German Court is Soothsaying What the Future will Bring for FRAND and Compulsory License Defenses
Kluwer Patent Blog
April 10, 2014
Please refer to this post as:, ‘German Court is Soothsaying What the Future will Bring for FRAND and Compulsory License Defenses’, Kluwer Patent Blog, April 10 2014, http://patentblog.kluweriplaw.com/2014/04/10/german-court-is-soothsaying-what-the-future-will-bring-for-frand-and-compulsory-license-defenses/
by Dr. Simon Klopschinski
In one of its latest orders the Karlsruhe Higher Regional Court has used the opportunity to take a glimpse into the crystal ball, in order to see what decision the Court of Justice of the European Union (CJEU) is going to render in response to the pending referral for preliminary ruling regarding the FRAND and compulsory license defense in case of standard essential patents (SEPs).

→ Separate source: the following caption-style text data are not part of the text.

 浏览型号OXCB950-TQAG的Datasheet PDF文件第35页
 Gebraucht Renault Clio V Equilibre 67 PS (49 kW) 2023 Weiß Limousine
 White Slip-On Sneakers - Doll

In recent years the information and telecommunication (ITC) sector has seen a wave of patent lawsuits in various jurisdictions, including Germany. Since most of the patents asserted in these proceedings form part of a standard, a core questions is whether enforcing SEPs complies with antitrust law.
Where a SEP is enforced the defendant may under German law plead that the plaintiff abuses its dominant position by refusing to grant a license under FRAND conditions (Fair, Reasonable and Non-Discriminatory). A patentee only acts abusively if the defendant has made an unconditional offer to conclude a license agreement that the patentee cannot refuse without discriminating the defendant, and if the defendant in advance fulfils its obligations under the license to be granted by rendering account for past infringements and/or by paying license fees into an escrow (Federal Court of Justice IIC 2010, 369 – Orange Book Standard; Haedicke/Timmann (eds.), Patent Law – A Handbook, 2014, § 9 para. 215 et seq.).

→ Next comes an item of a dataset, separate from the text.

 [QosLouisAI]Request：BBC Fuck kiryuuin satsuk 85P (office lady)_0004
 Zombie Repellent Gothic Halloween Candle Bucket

In contrast to German practice the European Commission has advanced the opinion that it is sufficient for the defendant to only show willingness to negotiate a license concerning a SEP and that no unconditional offer is required. In order to clarify this issue the Düsseldorf Regional Court in March 2013 made a request for preliminary ruling which is currently pending before the CJEU (court docket: C-170/13; see our previous post).
In the case decided by the 2nd instance Karlsruhe Higher Regional Court on February 19, 2014 (court docket: 6 U 162/13; German language version is available here) the 1st instance Mannheim Regional Court had previously ordered in its judgment on the merits injunctive relief on the basis of a SEP. The defendant appealed the judgment and requested the 2nd instance court to stay enforcement of the 1st instance judgment.

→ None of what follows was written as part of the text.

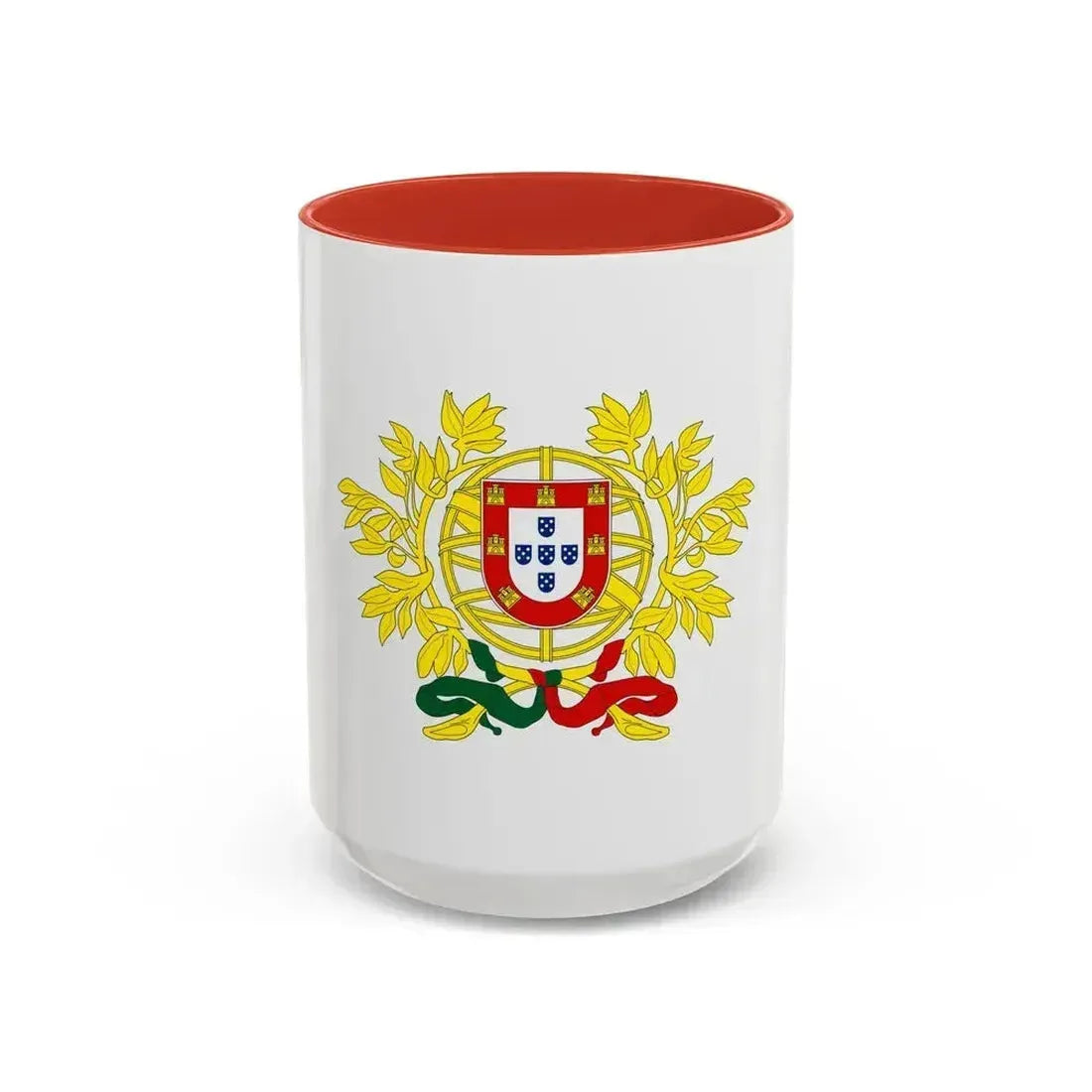 Coat of arms of Portugal - Accent Coffee Mug 15oz Red - Go Mug Yourself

Under German law a 1st instance judgment under appeal is enforceable in exchange for a security by the plaintiff (provisional enforcement). Upon defendant’s request the 2nd instance court can stay provisional enforcement of the 1st instance decision, however, on the basis of an overall weighting of the parties’ interests. One deciding factor are the chances of success of the appeal.
The defendant had solely argued in its request that the Mannheim court should have stayed the proceedings on the merits until the CJEU had decided on the Düsseldorf court’s referral C-170/13.
The Karlsruhe court rejected the defendant’s request because – according to the court – the defendant had not made an unconditional offer and was therefore not in compliance with “Orange Book Standard”. In the opinion of the Karlsruhe court – even if the CJEU will modify the patentee-friendly requirements established under German law – the CJEU will uphold these requirements to the extent that the defendant has to make the plaintiff an unconditional offer to conclude a license agreement and that the defendant has to render account for past infringements. Against this background the Karlsruhe court saw no sufficient reasons that in appeal proceedings the decision by the Mannheim court will be revoked and therefore denied stay of provisional enforcement of the 1st instance judgment.
The decision by the Karlsruhe court seemingly provides the holders of SEPs that have obtained 1st instance judgments in their favor with legal certainty. They can provisionally enforce their judgments, irrespective of the pending referral for preliminary ruling C-170/13.
Plaintiffs should take into account, however, that if later on – contrary to the predictions of the Karlsruhe court – the CJEU substantially modifies the FRAND and compulsory license defense to their detriment with the effect that the appeal court will have to revoke the 1st instance decision, they will be liable for damages caused by the provisional enforcement of the 1st instance judgment. That means that as long as the CJEU has not yet decided on the referral for preliminary ruling by the Düsseldorf court, all plaintiffs that have obtained in Germany 1st instance judgments for injunctive relief on the basis of SEPs, which are currently under appeal, effectively are in the limbo with regard to provisional enforcement of these judgments.